### PROBLEM DETAILS
Below are the records; give again exactly the line with "Gonna sportiva Ultra", the line with "Jansen&Heuning | Bulk", and each line that lies between them, and nothing besides.

### INFORMATION SUPPLIED
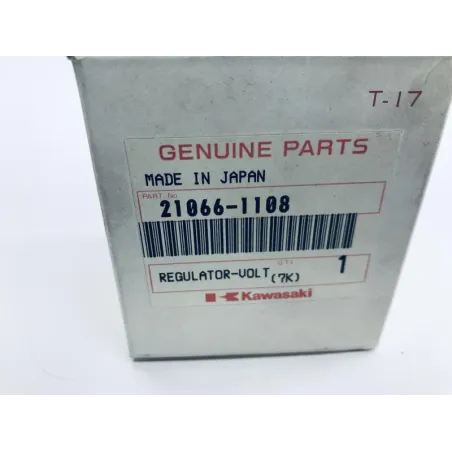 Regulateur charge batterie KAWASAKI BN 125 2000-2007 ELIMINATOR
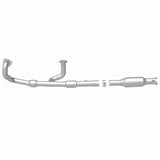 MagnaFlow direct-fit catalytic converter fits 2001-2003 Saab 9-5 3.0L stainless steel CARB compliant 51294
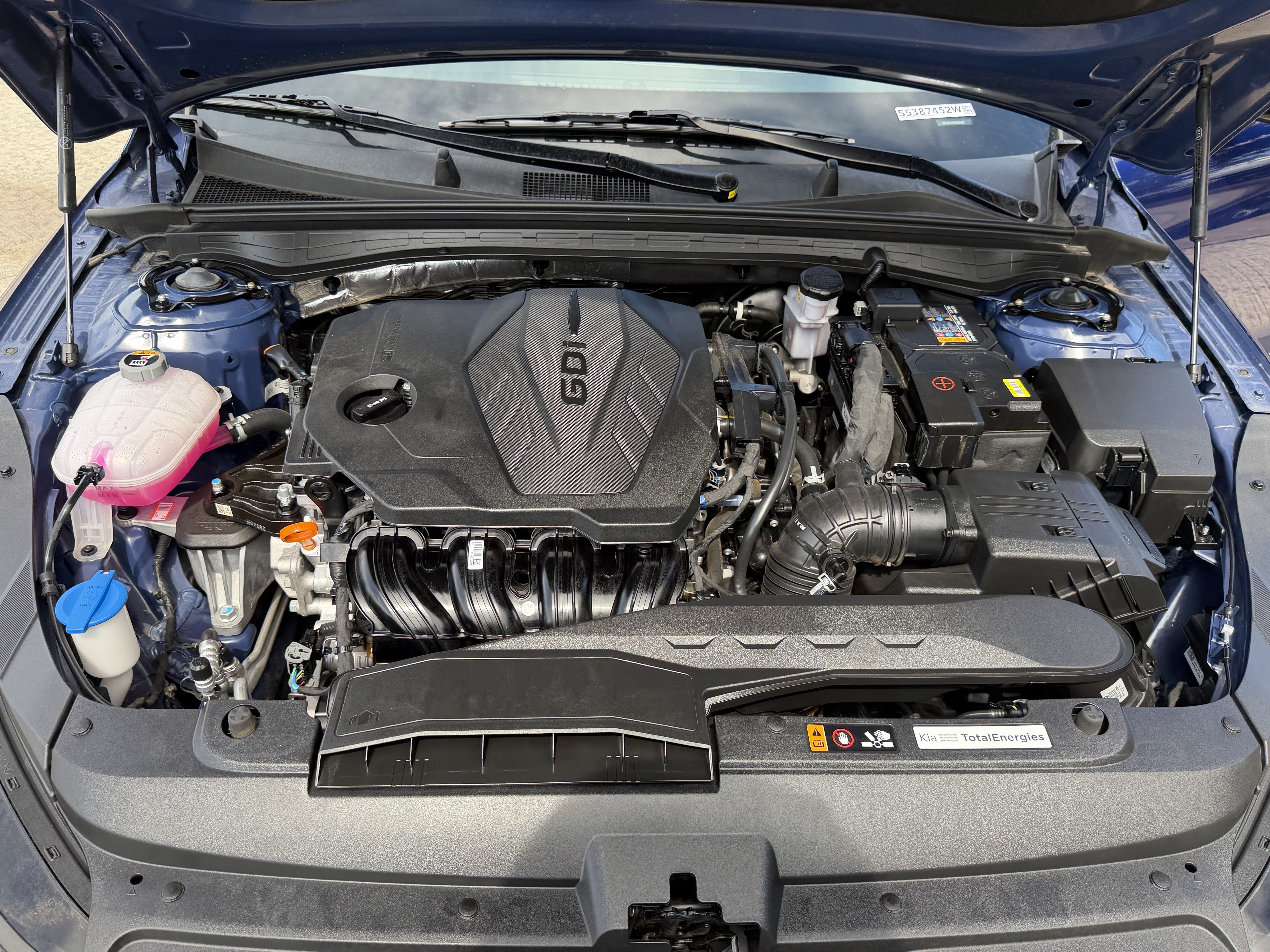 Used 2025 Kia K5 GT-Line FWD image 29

---

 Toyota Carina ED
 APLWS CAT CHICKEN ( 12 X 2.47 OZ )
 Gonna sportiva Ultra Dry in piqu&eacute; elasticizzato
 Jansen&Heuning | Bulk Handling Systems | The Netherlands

### SOLVED EXERCISE
 Gonna sportiva Ultra Dry in piqu&eacute; elasticizzato
 Jansen&Heuning | Bulk Handling Systems | The Netherlands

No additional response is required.